The sixth volume of the Distinguished Croatian Scientists in the World series, edited by Janko Herak DSc, was presented at the Croatian Heritage Foundation on 30 October. The series is published by the Croatian-American Society of Zagreb with co-publisher the Croatian Heritage Foundation. The book was reviewed by academicians Dragan Dekaris and Vladimir Paar, and features a cover by Krešimir Haluga. This valuable work is supported by grants from the Croatian Ministry of Science, Education and Sports and the Foundation of the Croatian Academy of Sciences and Arts. The many who gathered for the presentation were greeted by CHF director Marin Knezović, Gabriel Herceg Sarajlić, head of the department for international cooperation, EU programs and projects on behalf of Minister Željko Jovanović and by Marina Ljubišić, president of the Croatian-American Society. The book was presented by CAS president Marina Ljubišić, academicians Dragan Dekaris and Vladimir Paar, and by Janko Herak DSc, the editor of this valuable book. The presentation of the book was moderated by Vesna Kukavica, head of the CHF publishing department.
This bilingual collection on 182 pages contains eight papers on eight of our top natural scientists that have achieved affirmation in foreign centres of excellence, from the United States and Canada to European countries. “Here we describe the scientific and professional achievements of eight scientists from the fields of mathematics, physics, astronomy and biomedicine, born and educated in Croatia (where some also earned their doctorates). They have all earned an international reputation, or at least made major steps in this direction, in the United States,” editor Herak noted in the preface to the book. He also expressed his hope that there would be a commitment and opportunity to continue studying this segment of Croatian science in the future, and that it would be committed to paper.

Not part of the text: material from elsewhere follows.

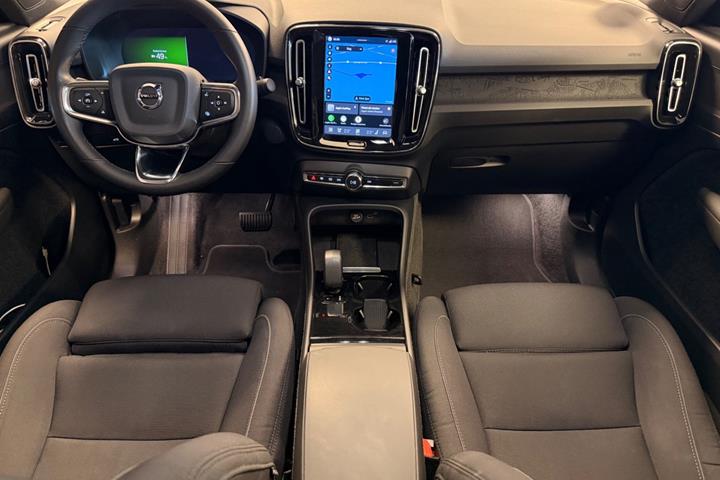 Sort Volvo C40 fra 2023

The co-authors who write about these fascinating scientific careers are renowned experts in the homeland: academician in the field of mathematics Sibe Mardešić; award-winning young mathematician and senior lecturer Josip Tambača DSc from the University of Zagreb’s Faculty of Science; physicist Miroslav Furić DSc; astronomer Krešimir Pavlovski DSc; academician in the field of engineering and a professor of the Faculty of Electrical Engineering and Computing Hrvoje Babić; Jelena Filipović Grčić DSc of the Faculty of Pharmacy and Biochemistry; Vlatko Silobrčić, an academician in the field of the medical sciences; the current president of the Croatian Academy of Sciences and Arts Zvonko Kusić; and two articles penned by the editor of this series Janko Herak.

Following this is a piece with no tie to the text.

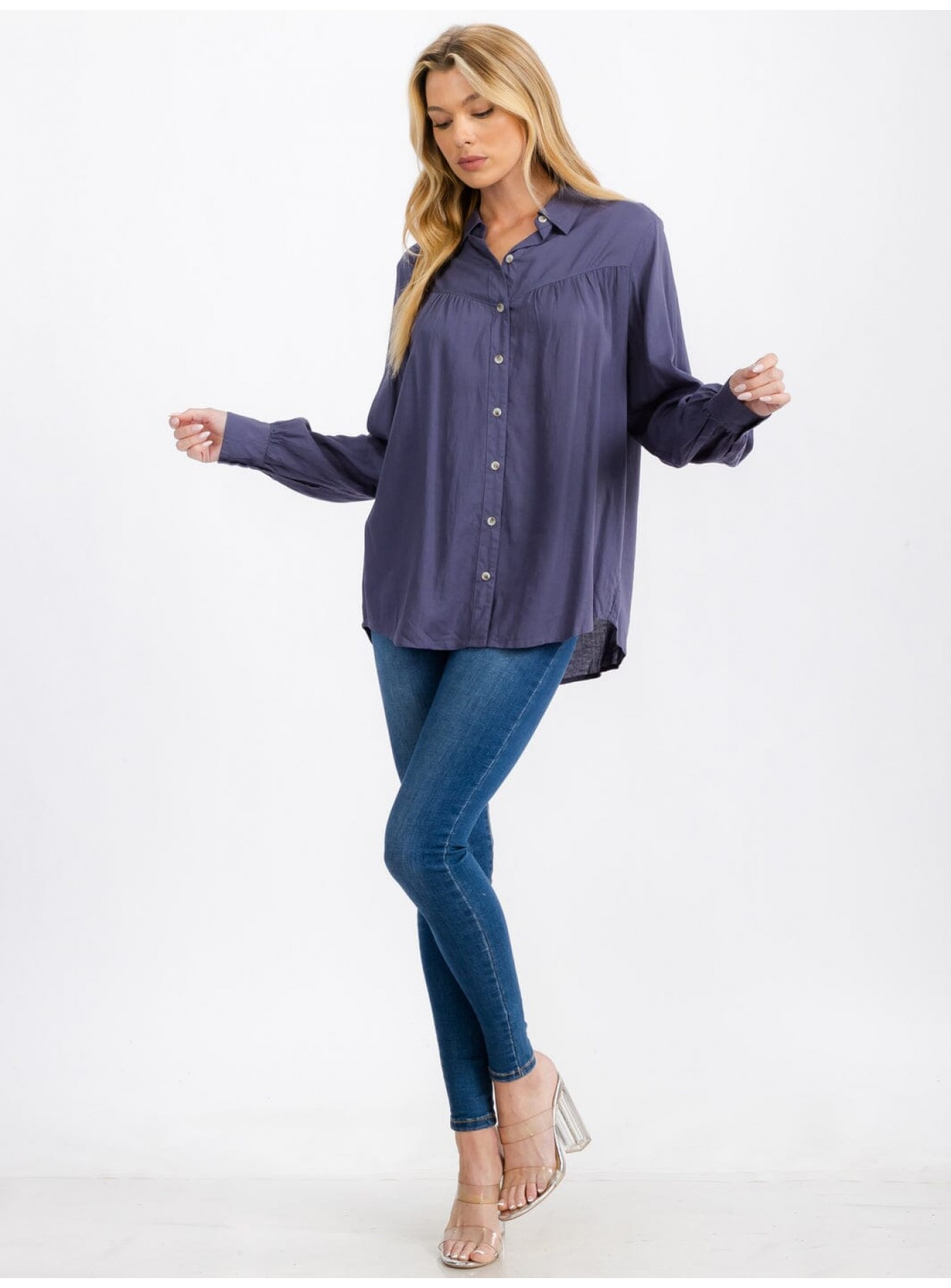 WOMEN'S LONG SLEEVE BUTTON UP LINEN BLOUSE WOMEN'S LONG SLEEVE BUTTON UP LINEN BLOUSE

Janko Herak’s excellent volume describes the following scientists: Mladen Bestvina –of mathematics at the University of Utah, Salt Lake City, a world renowned expert in mathematical topology; Sunčica Čanić– professor at the University of Houston, director of the Center for Mathematical Biosciences; Ivan Đikić– professor at the Johann Wolfgang Goethe University in Frankfurt, director of the Institute for Biochemistry and director of the Institute of Molecular Life Sciences in Frankfurt; Željko Ivezić– professor at the University of Washington in Seattle, one of the most fruitful astrophysicists in the world and chair of the Science Council at the billion-dollar Large Synoptic Survey Telescope (LSST) project; the late Josip Matovinović – former professor of internal medicine at the University of Michigan (Ann Arbor), the founder of the Croatian endocrinology and a world expert in goitre; Dušica Maysinger – a professor at the prestigious McGill University in Montreal, known for studying the interaction of nanostructures with living cells and the application of nanostructures in pharmacy and medicine; Dinko Počanić – professor at the University of Virginia (Charlottesville) and a renowned expert on the boundary between nuclear physics and elementary particle physics, known for highly accurate measurements in nuclear reactions; and Veljko Radeka, a long-time leader in the Instrumentation Division at Brookhaven National Laboratory (USA), acclaimed for the creation of instrumentation in nuclear physics and particle physics. His division develops optical sensors for LSST astronomy project!